Of the lines in the material below, print only those from the one containing "The model app" to the one containing "She's wearing a", ends included, exactly as written and without pictures.

————

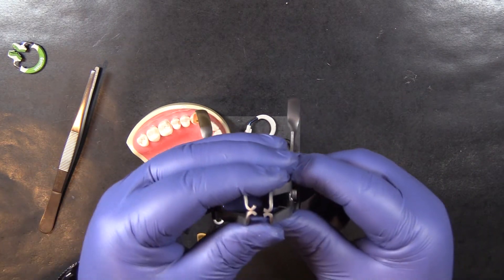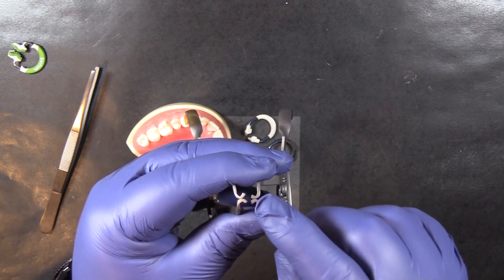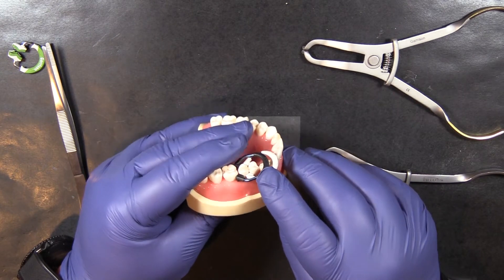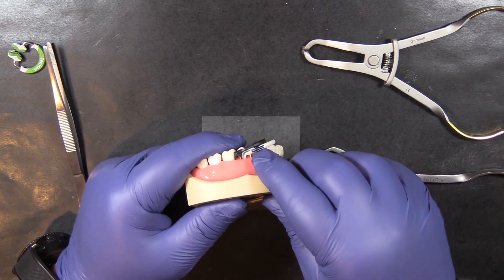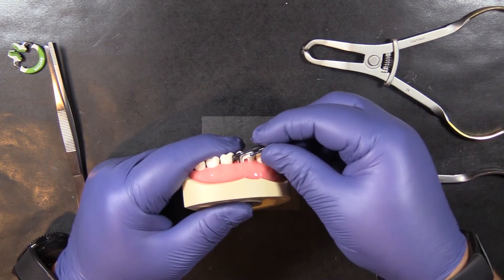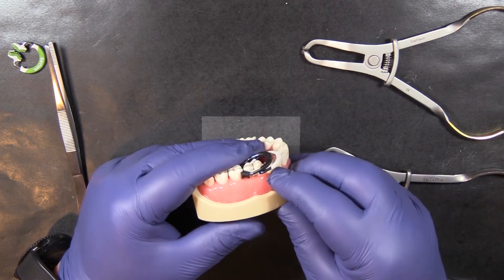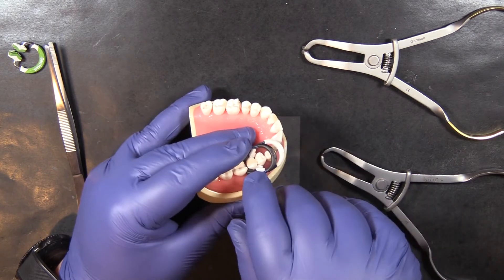I'm going to show you here why it matters. The Nitin tips are just a little bit shorter. Nitin sectional matrix rings are thinner than Garrison Composite rings and they sit very closely together when you stack them on a premolar.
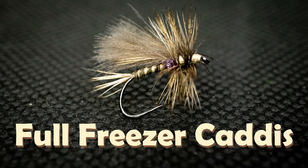Hey everyone, today I'm going to be tying my new caddis dry fly pattern, the Full Freezer Caddis. It's called the Full Freezer Caddis because you need to harvest an elk, a deer, a turkey, a duck, and a chicken to get the materials you need.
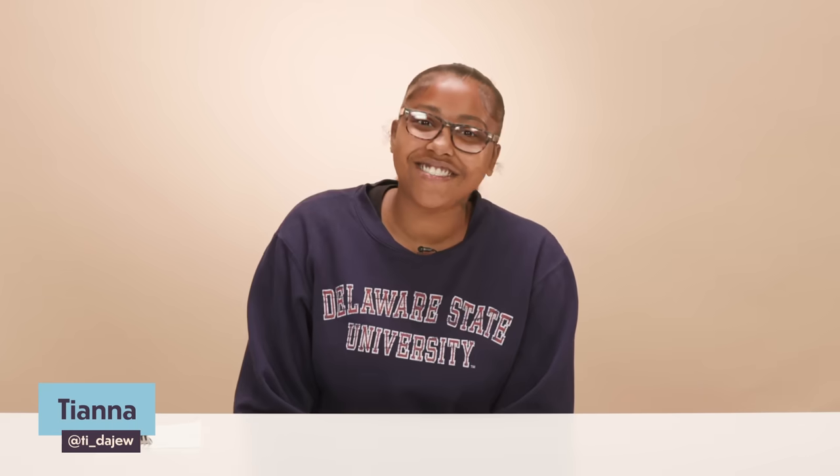My name is Renaya Corian. I attend Clark Atlanta University. Hi, my name is Tiana. I go to Delaware State. Hi, my name is Zaheel. I attend the illustrious Hampton University.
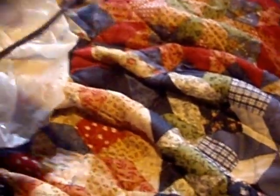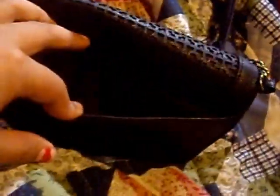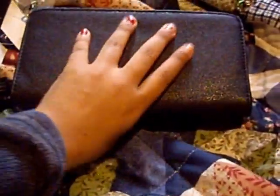I wanted to talk about this purse that I purchased. This is the wallet on the chain purse I mentioned just a little bit ago. Here's the back of it. It does have a pocket on the back, and the pocket on the back is decorated on both sides. This is a very soft material. It might show up as a dark navy, but it's just black — just the lighting.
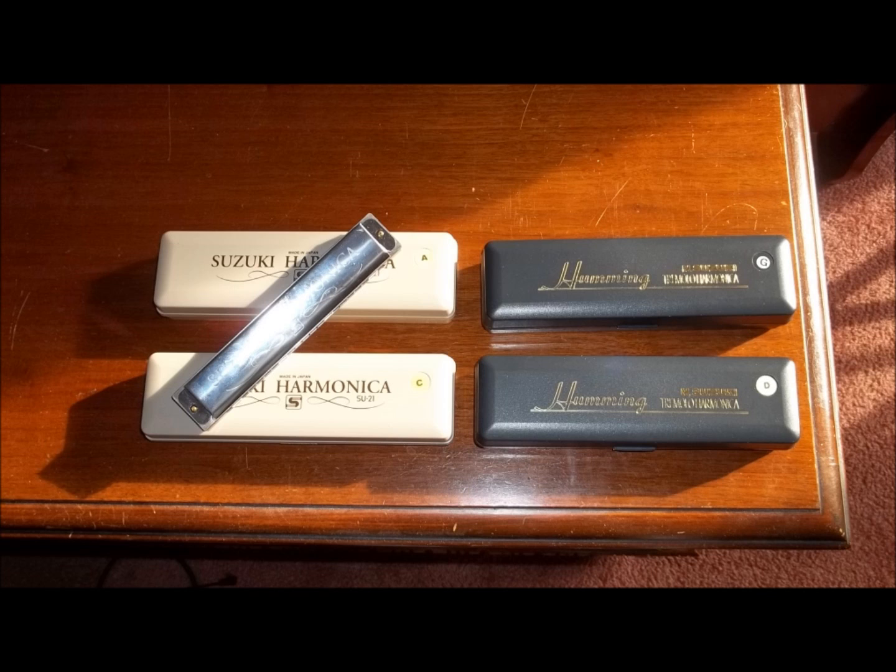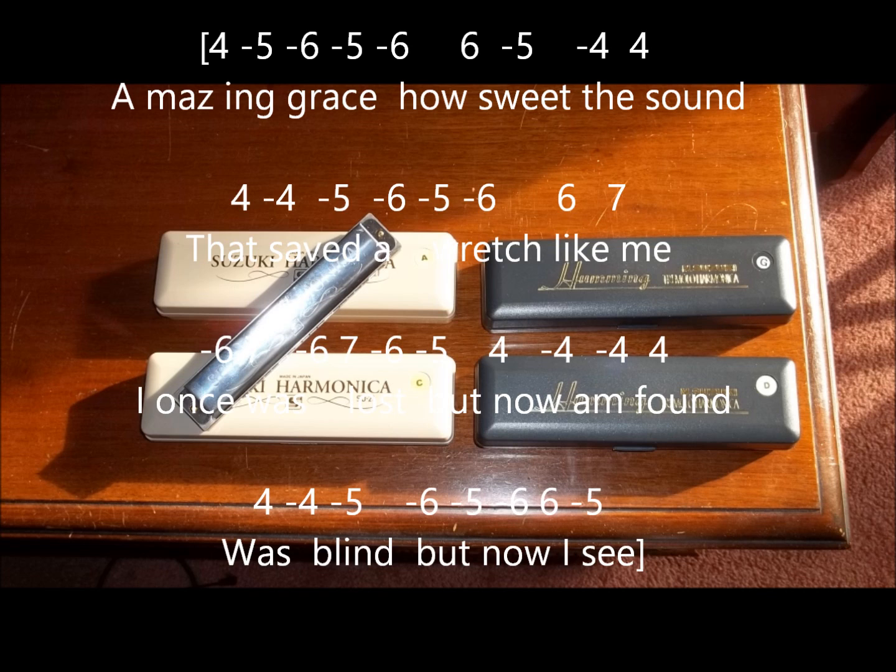First, we're going to do it in twelfth position. We're going to start on the fourth blow note and then go to the draw five note, which is just to the right of the fifth blow note. That will be our key note — that will be an F note. In the key of C, twelfth position is the key of F.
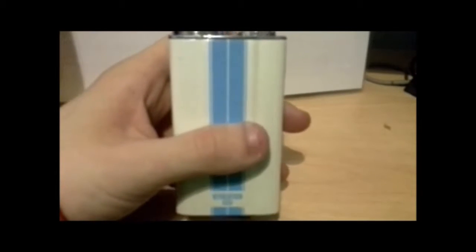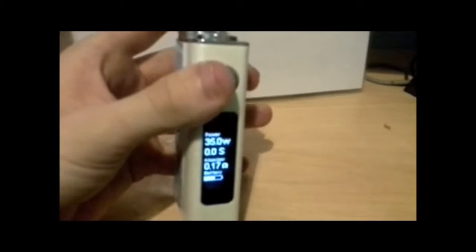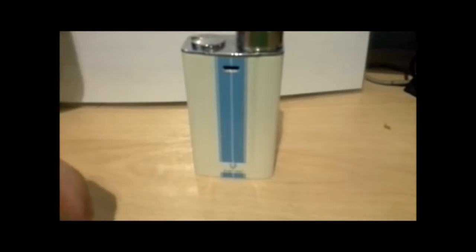It's a nice little mod. Down here you've got vents, and battery life is 5,000 mAh, so a lot of vaping time. I think about 3200 — I'll jump back up and meet you there.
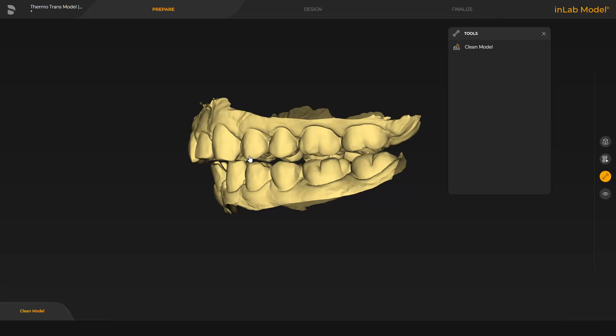The model app contains three phases. We start in the Prepare phase with the Clean model step. First, we open the Select construction type option from the page palette. For our case, we switch to the Thermoforming option.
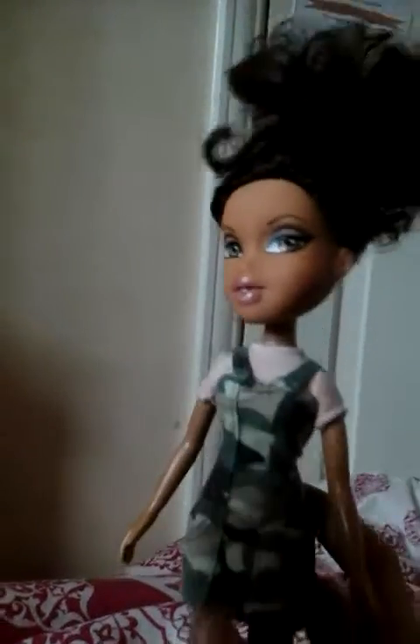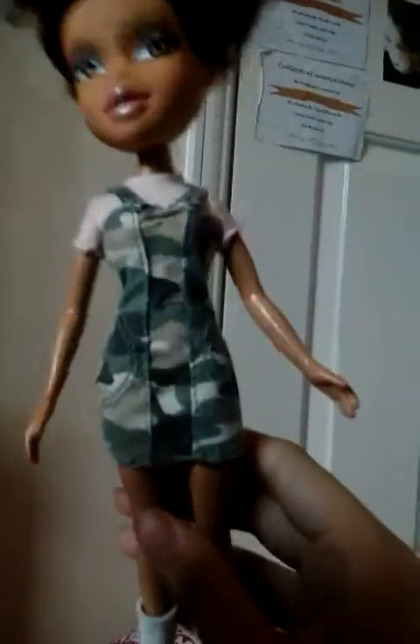She's wearing a little pink top with a camouflage little dress, which is a little short in my opinion, but I think it looks very nice. And her shoes — which are not actual shoes in the traditional sense — she doesn't have feet.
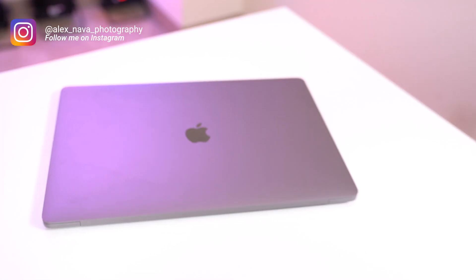Hey guys, Alexander Nava here. Today I'm going to be going over my thoughts on the new MacBook Pro 16-inch. I did do an unboxing of that video — if you want to see that, I'm going to link a card up above. But I'm going to let you know my thoughts after using it for almost a month now.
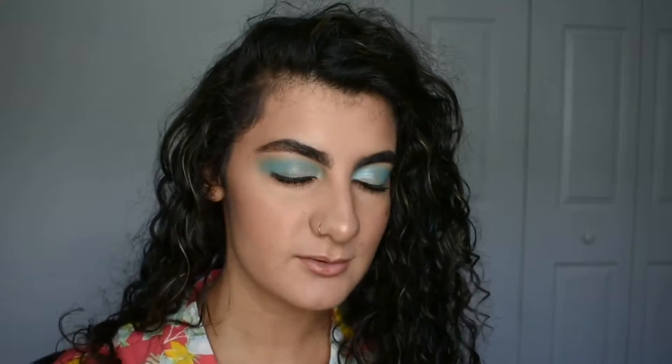Alright you guys, so for this week's video, I'm going to show you how to wear bright colored eyeshadow and still have a wearable look that you could go food shopping with. I mean, maybe not food shopping, but you get what I'm saying — just something you can go out in and not feel like you have on full glam, unless that's your thing. No judgment here.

————

**EXPECTED OUTPUT:**
The model app contains three phases. We start in the Prepare phase with the Clean model step. First, we open the Select construction type option from the page palette. For our case, we switch to the Thermoforming option.
She's wearing a little pink top with a camouflage little dress, which is a little short in my opinion, but I think it looks very nice. And her shoes — which are not actual shoes in the traditional sense — she doesn't have feet.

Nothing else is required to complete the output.